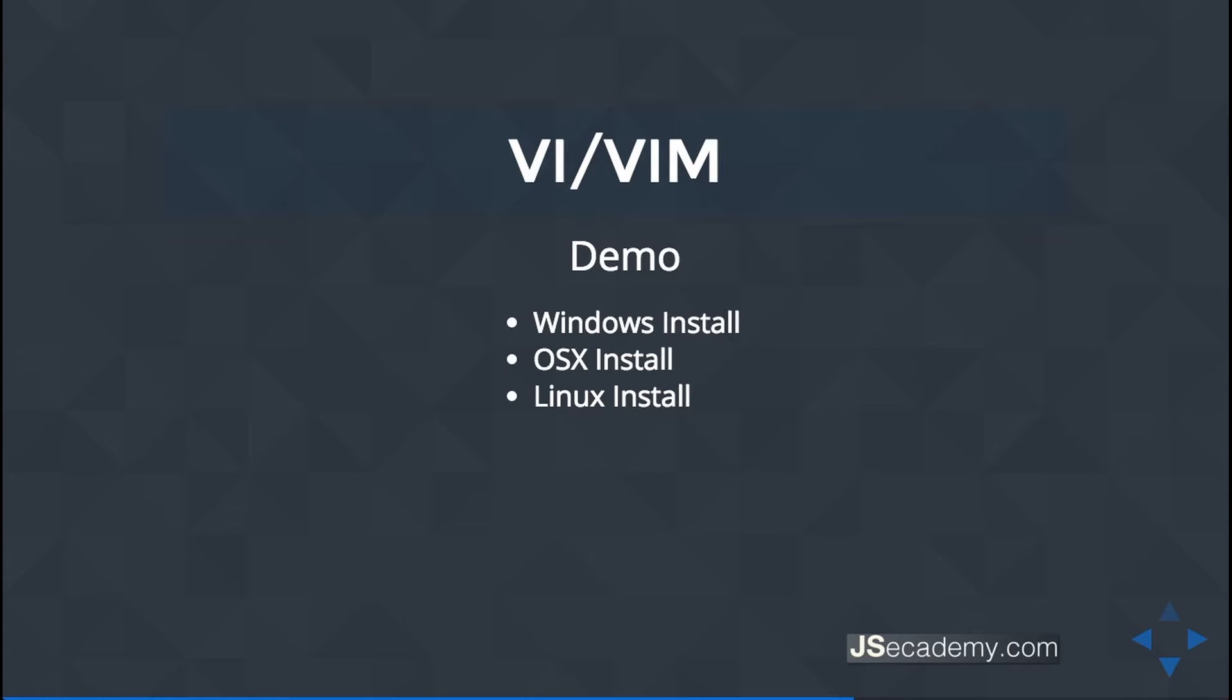Just a quick note here, if you are on a Linux-based system, you actually have VI pre-installed into your operating system. So if you do not want to install Vim, you're more than welcome just to use VI. The way you do it is you simply type in VI, the name of the file, and then you can start using the text editor.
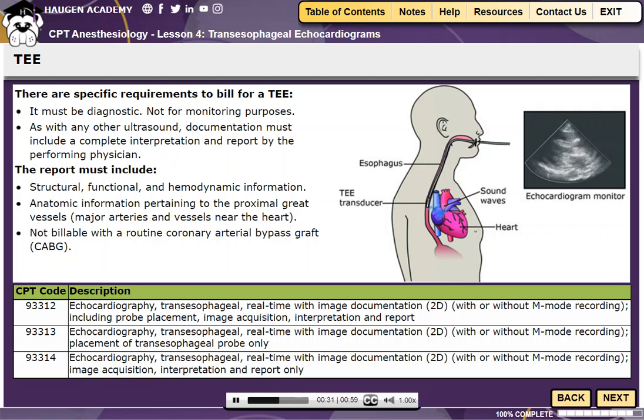Think of this service as having three parts: probe placement, image acquisition, and the interpretation and reporting. You will see this reflected in the CPT code descriptions.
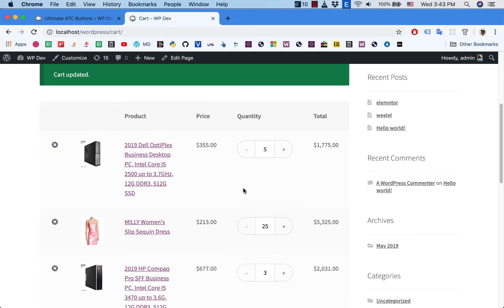And click on Update Cart and the cart is updated. So that is how you can change the quantity style with the help of Ultimate ATC Buttons. Thank you very much and I'll see you in the next video.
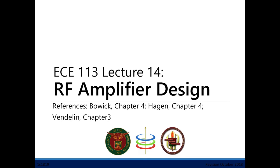Welcome to Lecture 14 of ECE 113. In this lecture, we'll talk about how to design amplifiers using the transistor parameters that we've discussed in Lecture 13, the previous lecture.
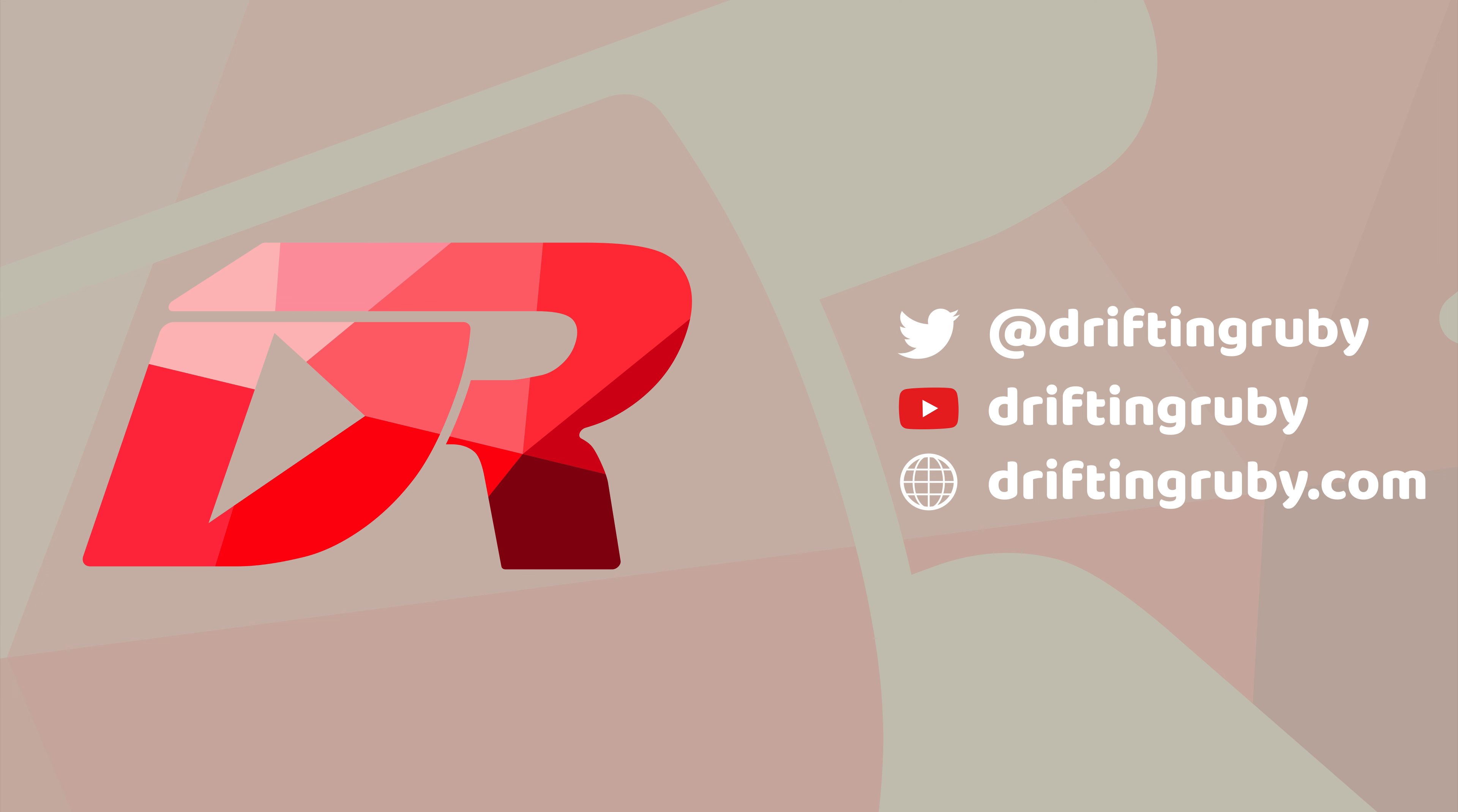To watch this full episode and more videos, visit DriftinRuby.com and subscribe to the Pro Membership.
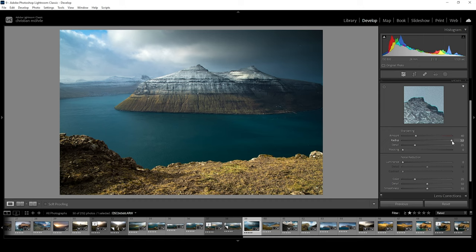In the opposite direction, we can bring down the radius to 0.5, so half of a pixel. So just a very fine line around the edges will be affected by the sharpening. 0.5 is my personal go-to setting for the radius.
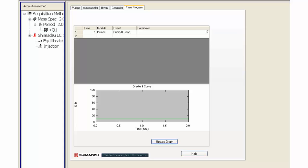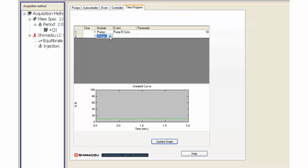Initial percent B must match the pumps tab information. Fill in when the gradient will reach its highest percent B concentration.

WORK REQUEST: Reproduce the data above line for line, excluding every picture.

EXERCISE RESPONSE:
Just a quick note here, if you are on a Linux-based system, you actually have VI pre-installed into your operating system. So if you do not want to install Vim, you're more than welcome just to use VI. The way you do it is you simply type in VI, the name of the file, and then you can start using the text editor.
Think of this service as having three parts: probe placement, image acquisition, and the interpretation and reporting. You will see this reflected in the CPT code descriptions.
And click on Update Cart and the cart is updated. So that is how you can change the quantity style with the help of Ultimate ATC Buttons. Thank you very much and I'll see you in the next video.
Welcome to Lecture 14 of ECE 113. In this lecture, we'll talk about how to design amplifiers using the transistor parameters that we've discussed in Lecture 13, the previous lecture.
To watch this full episode and more videos, visit DriftinRuby.com and subscribe to the Pro Membership.
In the opposite direction, we can bring down the radius to 0.5, so half of a pixel. So just a very fine line around the edges will be affected by the sharpening. 0.5 is my personal go-to setting for the radius.
Initial percent B must match the pumps tab information. Fill in when the gradient will reach its highest percent B concentration.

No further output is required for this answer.